Lipid peroxidation has been suggested as one of the mechanisms involved in pesticide induced toxicity (Mossa et al., 2013). Malondialdehyde (MDA) level in chlorpyrifos treated rats was significantly higher than those in the control. This suggests an increase in the production of free radicals in the exposed rats. Highly reactive oxygen metabolites especially hydroxyl radicals act on unsaturated fatty acids of phospholipid components of membranes to produce malondialdehyde, a lipid per-oxidation product. Previous studies indicate that insecticides in both in vivo and in vitro test (Mossa et al., 2012; Mansour et al., 2009), alter the enzyme activities associated with antioxidant defense mechanisms. The result of this study corroborates the findings of Abbassy et al. (2014), who reported a significant decrease in SOD, GPx and CAT activity and an increase in MDA level of rats treated with lambda cyhalothrin.

Liver is a target organ and plays a major role in the detoxification of many endogenous and exogenous compounds. It is actively involved in metabolism and biotransformation of toxic compounds and as such, any injury or impairment could cause severe health problems. Liver biomarker enzymes such as AST, ALT and ALP have been associated with liver dysfunction and damage. Hayes et al. (1989) reported that one of the indicators of liver damage and dysfunction is increase in the activities of AST and ALT in the serum. They are involved in amino acids catabolism and biosynthesis. The ALP on the other hand catalyzes the hydrolysis of a wide variety of phosphoric acid esters in alkaline medium. This study revealed that the treatment significantly increased the levels of AST and ALP in rats. The AST level increased most in rats administered 5 mg of cypermethrin, while ALP was significantly higher in rats treated with 5 mg of chlorpyrifos.

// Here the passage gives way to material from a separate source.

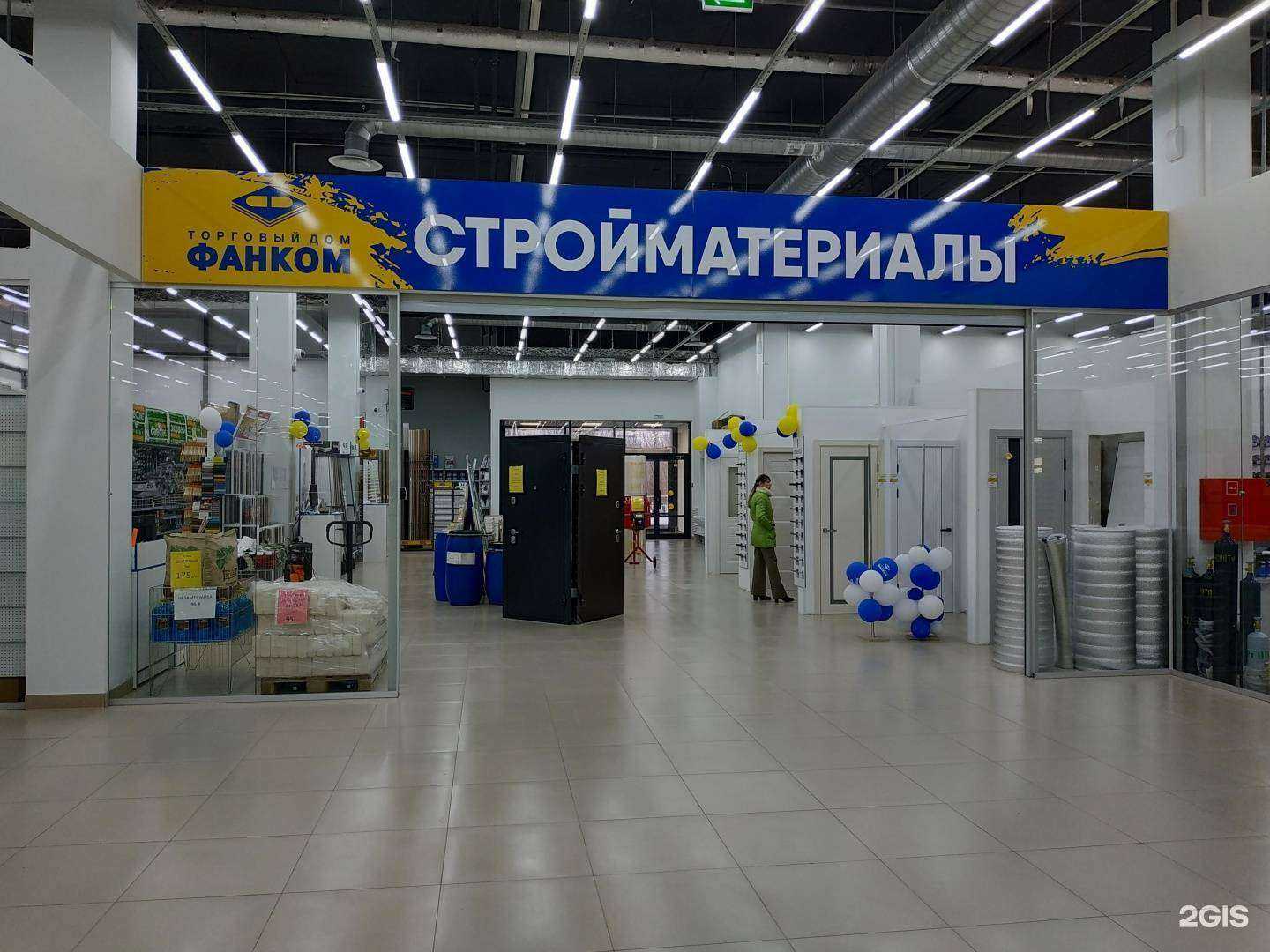 Отзывы на компанию Фанком в Кирове c фото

In conclusion, this study demonstrates that chlorpyrifos and cypermethrin induced oxidative stress and altered the level of some liver enzymes in male albino rats. This is evident upon the increase in lipid peroxidation (MDA), AST and ALP levels and a decrease in the levels of SOD, GPx and CAT activity. However, further studies should be carried out to assess the effects of these pesticides on a molecular level.